Weitere helfende Hände kann der Tafelladen übrigens immer gebrauchen. Auf zweieinhalb Stunden würde sich der Arbeitseinsatz erstrecken, entweder vor- oder nachmittags. An drei Tagen, Montag, Mittwoch und Freitag (außer in der Weihnachtswoche), ist der Tafelladen nachmittags für die Bedürftigen in Betrieb.

Um 14 Uhr werden in der Regel die Türen geöffnet, meistens stehen aber schon eine Stunde vorher 50 oder 60 Bedürftige Schlange. "Dann verteile ich Nummern", sagt Hettel, denn alle auf einmal können den kleinen Laden nicht stürmen. Das Kontingent dessen, was - in der Regel für zehn bis zwanzig Prozent des Ladenpreises - gekauft werden kann, ist ohnehin begrenzt und richtet sich nach dem oft sehr knappen Angebot.

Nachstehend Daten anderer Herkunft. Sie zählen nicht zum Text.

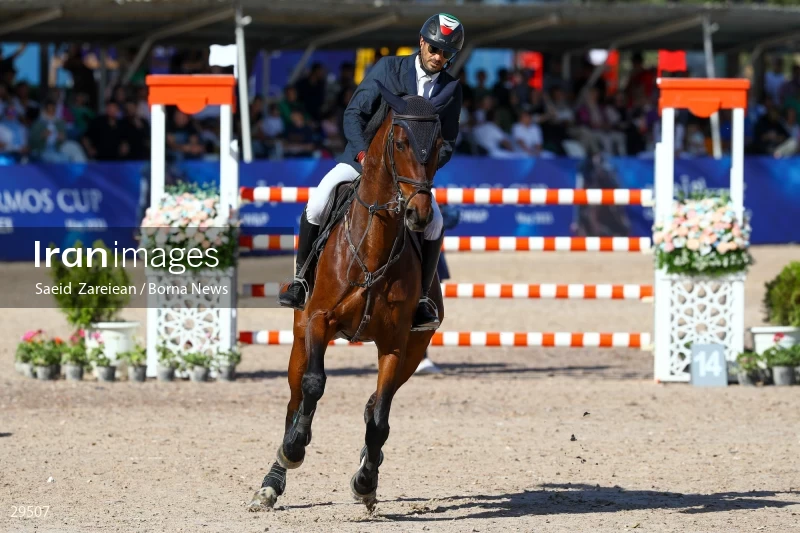 Armos Cup international horse jumping competition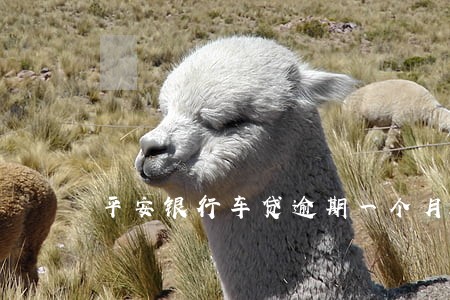 平安银行车贷逾期一个月 平安银行车贷逾期一个月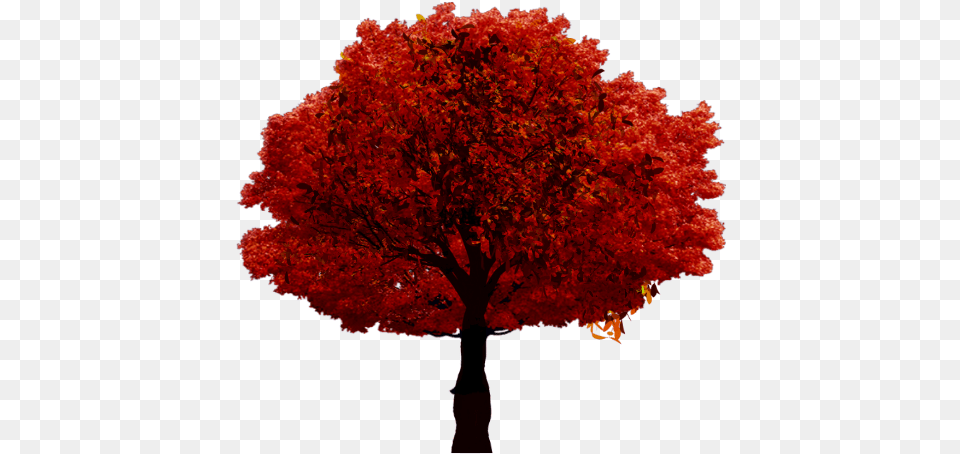 Fall Autumn Tree Arbre Sur Fond Blanc, Leaf, Maple, Plant Free Transparent Png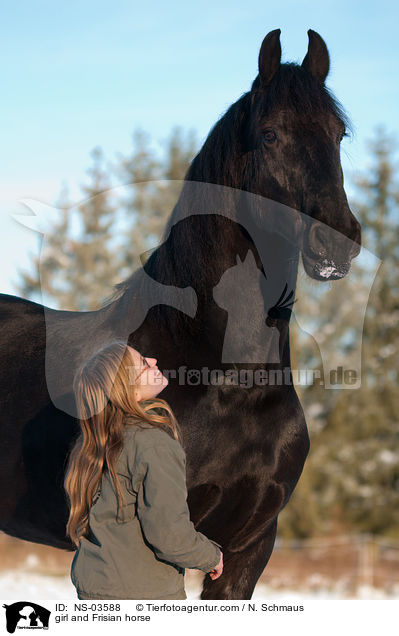 girl and Frisian horse / NS-03588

Hettel macht ein unglückliches Gesicht. "Wir haben hier in Baden-Baden viel mehr Bedürftige als in anderen Orten in der Umgebung, aber alle Läden bekommen ungefähr gleich viel Ware." Das bedeute für Kunden in Baden-Baden per se eine Ungerechtigkeit.

Eine Frage liegt mir dazu gleich auf der Zunge: Was passiert denn nun mit den Asylbewerbern, die seit neuestem in stetem Zustrom in die Stadt ziehen? Dürfen sie auch Lebensmittel im Tafelladen kaufen? Bekommen sie auch einen Berechtigungsschein? In einer hilflosen Geste hebt Hettel die Hände. "Ich weiß nicht, wie das gehen soll. Wir haben ja jetzt schon zu wenig." Und den Langzeitarbeitslosen gehe es richtig, richtig schlecht.

Nur Backwaren gibt es ausreichend. Überschuss soll deshalb demnächst regelmäßig am Ende eines Verkaufstages direkt in die Flüchtlingsunterkunft in der westlichen Industriestraße gebracht werden.





Freiwillige Helfer und Spender sind jederzeit herzlich willkommen.